Lí hoje que David Lynch, um dos meus ídolos maiores, está na zona em que vivo para mais um certame de um conhecido festival de cinema fantástico. Lí com muito gosto que desta vez, ele seria o principal homenageado e que iriam tentar exibir o seu novíssimo filme em primeira mão no país. Lí isso voando de volta pra casa.

Entre o cansaço da viagem e a sensação de haver estado 4 dias ausente daqui, valeu mais a segunda e por isso, agora escrevo.

É difícil precisar, mas talvez a razão maior pela qual admiro Lynch é pela sua capacidade de incutir o absurdo nas suas produções. Do que o meu escasso conhecimento permite discernir, creio que Fellini seria o que mais próximo vejo de sua obra, por apresentar tal elemento bastante presente em seus filmes.

Farto-me de ler críticas (algo que faço sempre simplesmente com efeito de baliza e POSTERIOR à visualização das obras em questão, após a formação de uma opnião própria sobre esta) sobre seus filmes, classificando-os de "devaneios", "pesadelos" e "situações fantasmagórico-surreais", "esquizofrenia visual/narrativa" (Lost Highway, Mullholland Drive, Eraserhead,...) e apesar de encará-las como válidas, considero-as ultra limitadas. Opniões fruto de mentes habituadas ao padrão linear determinado pelo standard industrial de produção criado em Hollywood (de uma forma generalizada, mas não total, felizmente!), que entrega filmes como bolos preparados com a intromissão do público em sua preparação. Onde não há margem para variedade, exploração e a liberdade artística dobra-se ao gosto do freguês, porque ele é rei.

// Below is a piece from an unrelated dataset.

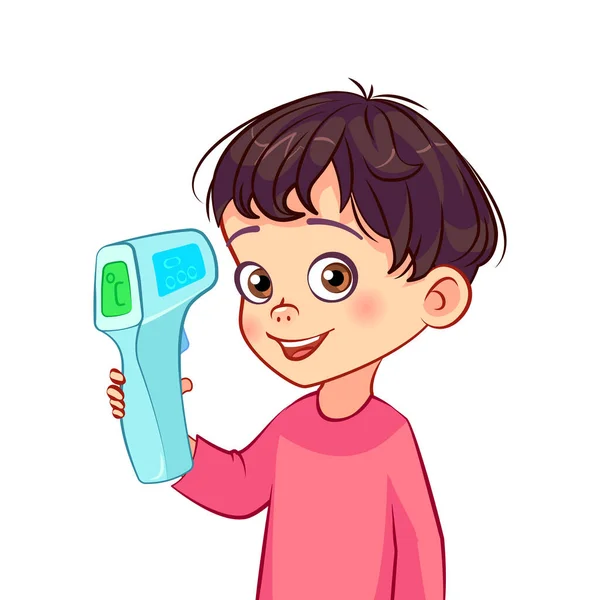 Mesure Température Corporelle Avec Thermomètre Numérique Sans Contact Enfant Mesure — Image vectorielle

David Lynch, no entanto, surpreende, pelo grande poder de liberdade que apresenta de conseguir passar suas idéias ao mercado, vendendo-as com sucesso, mesmo que incondizentes com os rótulos que recebem.

O absurdo, o inexplicável e o vago em seus filmes, a meu ver, representam a sua sublime capacidade de atribuir realismos fantásticos à situações inverossímeis. Que coisa existe afinal, de mais absurda e subjectiva que a realidade? O nosso dia-a-dia é recheado de situações que não compreendemos e que ficam por explicar. Postas de parte, relativizadas e transformadas em tabús, tais situações são incômodos temas de conversa e, portanto, não merecem atenção. Carecem de importância. Ao revelar, em Veludo Azul, uma série de realidades abomináveis, tão rentes à superfície, mas ainda assim, invisíveis a todos os que vivem numa (aparentemente) pacata cidadezinha do interior dos Estados Unidos, é para mim digna de um mestre. E de que forma tais coisas são reveladas!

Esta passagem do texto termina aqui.